**What you have to do**
The line with "اشتراكات بلاستيشن +PS" through the last line of the entries: give these again exactly, and only these, without any pictures.

(Items from a data source)
****

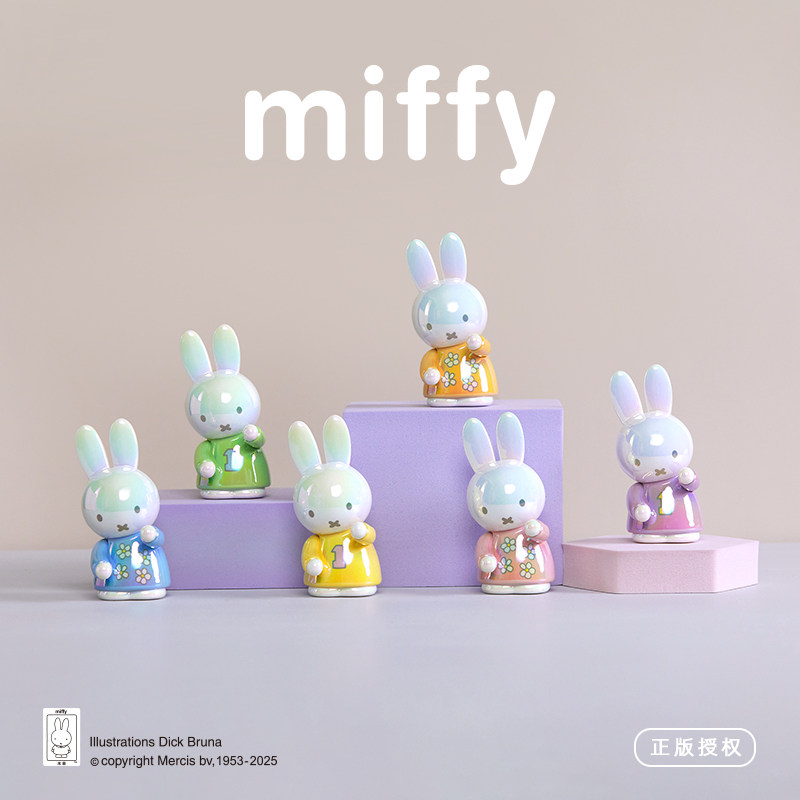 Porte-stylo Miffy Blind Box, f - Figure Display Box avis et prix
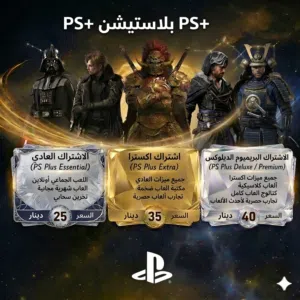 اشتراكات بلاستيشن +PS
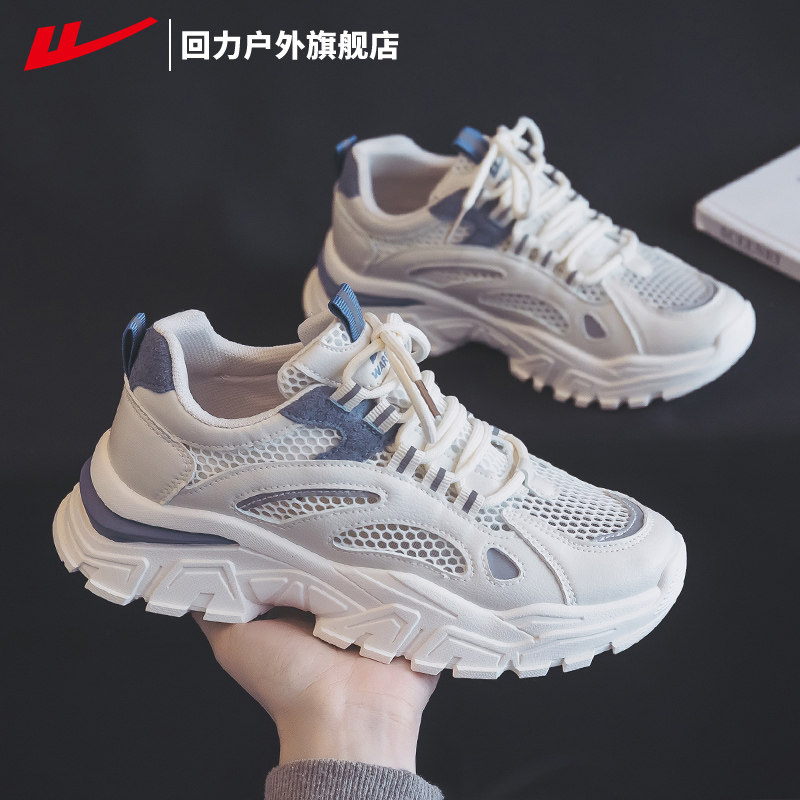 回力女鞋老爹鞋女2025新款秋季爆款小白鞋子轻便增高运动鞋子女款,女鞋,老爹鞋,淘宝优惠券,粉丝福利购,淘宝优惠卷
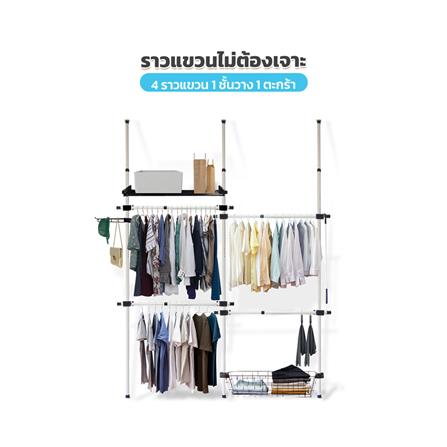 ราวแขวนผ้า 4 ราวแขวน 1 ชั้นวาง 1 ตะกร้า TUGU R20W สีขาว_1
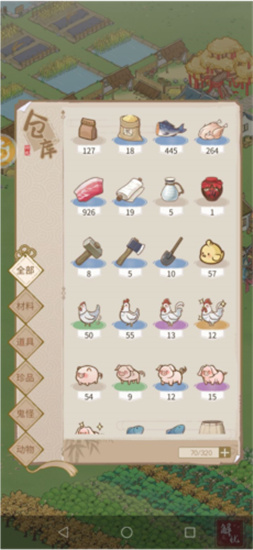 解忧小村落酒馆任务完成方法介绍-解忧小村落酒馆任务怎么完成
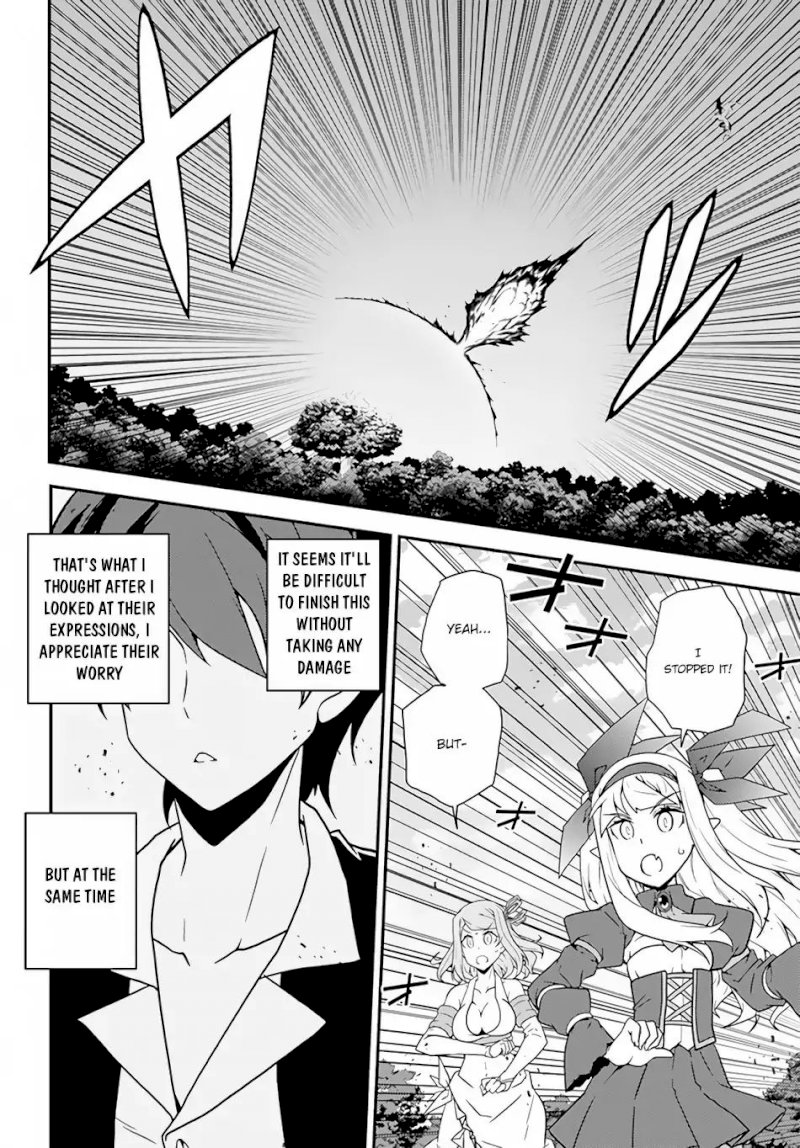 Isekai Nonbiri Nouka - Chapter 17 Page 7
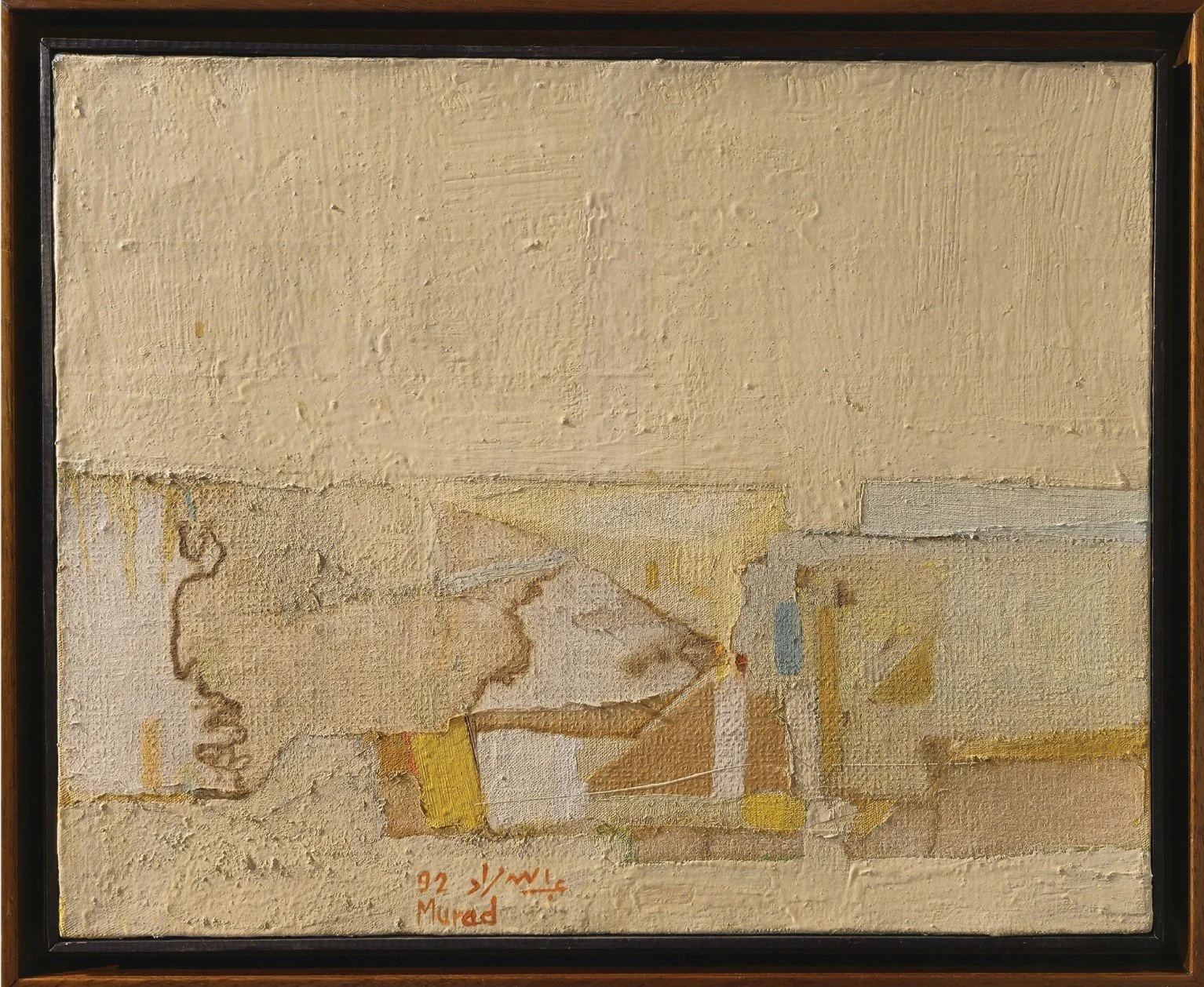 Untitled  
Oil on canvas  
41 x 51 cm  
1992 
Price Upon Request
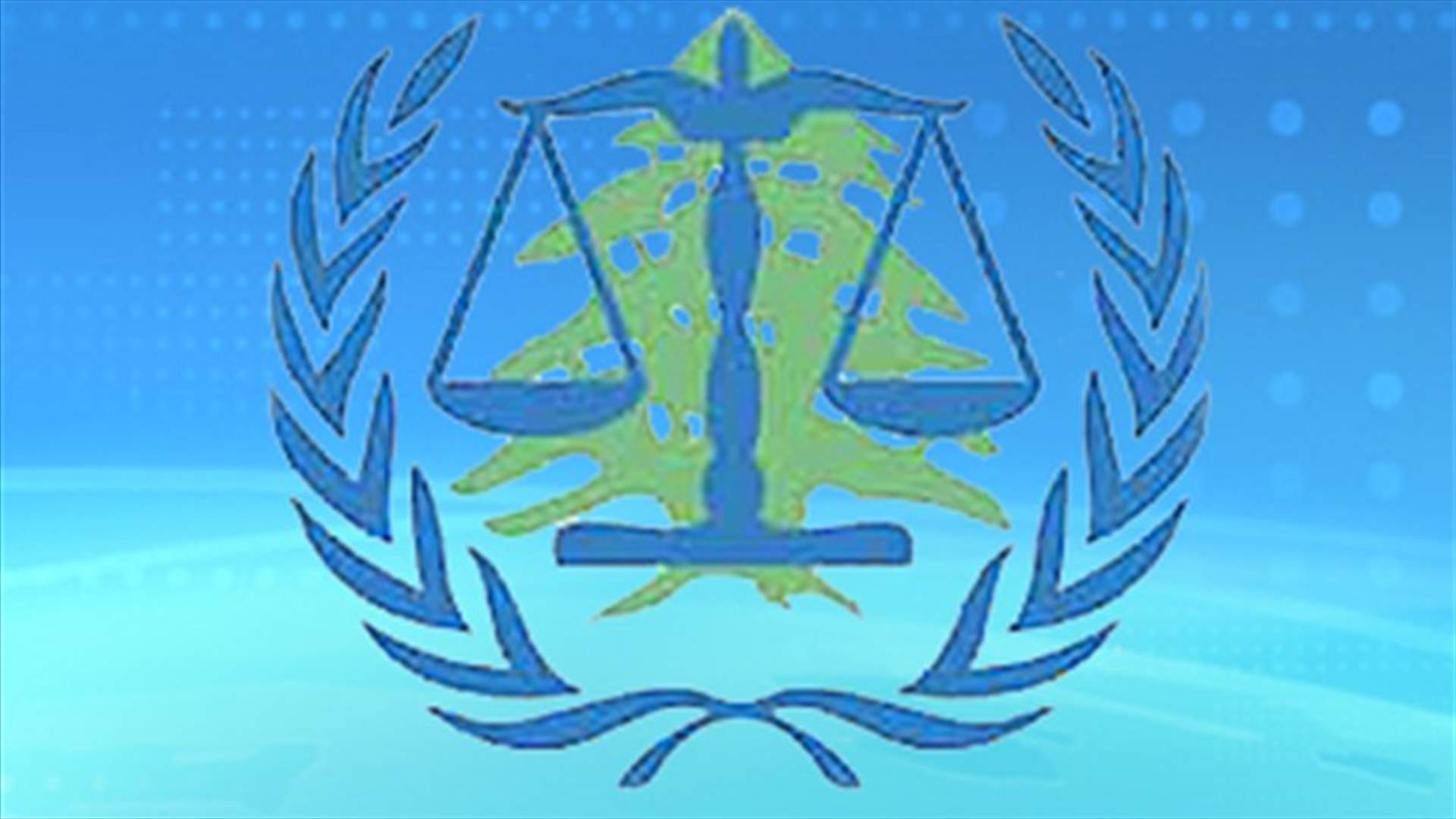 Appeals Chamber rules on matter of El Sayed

****

**Answer to the problem**
 اشتراكات بلاستيشن +PS
 回力女鞋老爹鞋女2025新款秋季爆款小白鞋子轻便增高运动鞋子女款,女鞋,老爹鞋,淘宝优惠券,粉丝福利购,淘宝优惠卷
 ราวแขวนผ้า 4 ราวแขวน 1 ชั้นวาง 1 ตะกร้า TUGU R20W สีขาว_1
 解忧小村落酒馆任务完成方法介绍-解忧小村落酒馆任务怎么完成
 Isekai Nonbiri Nouka - Chapter 17 Page 7
 Untitled  
Oil on canvas  
41 x 51 cm  
1992 
Price Upon Request
 Appeals Chamber rules on matter of El Sayed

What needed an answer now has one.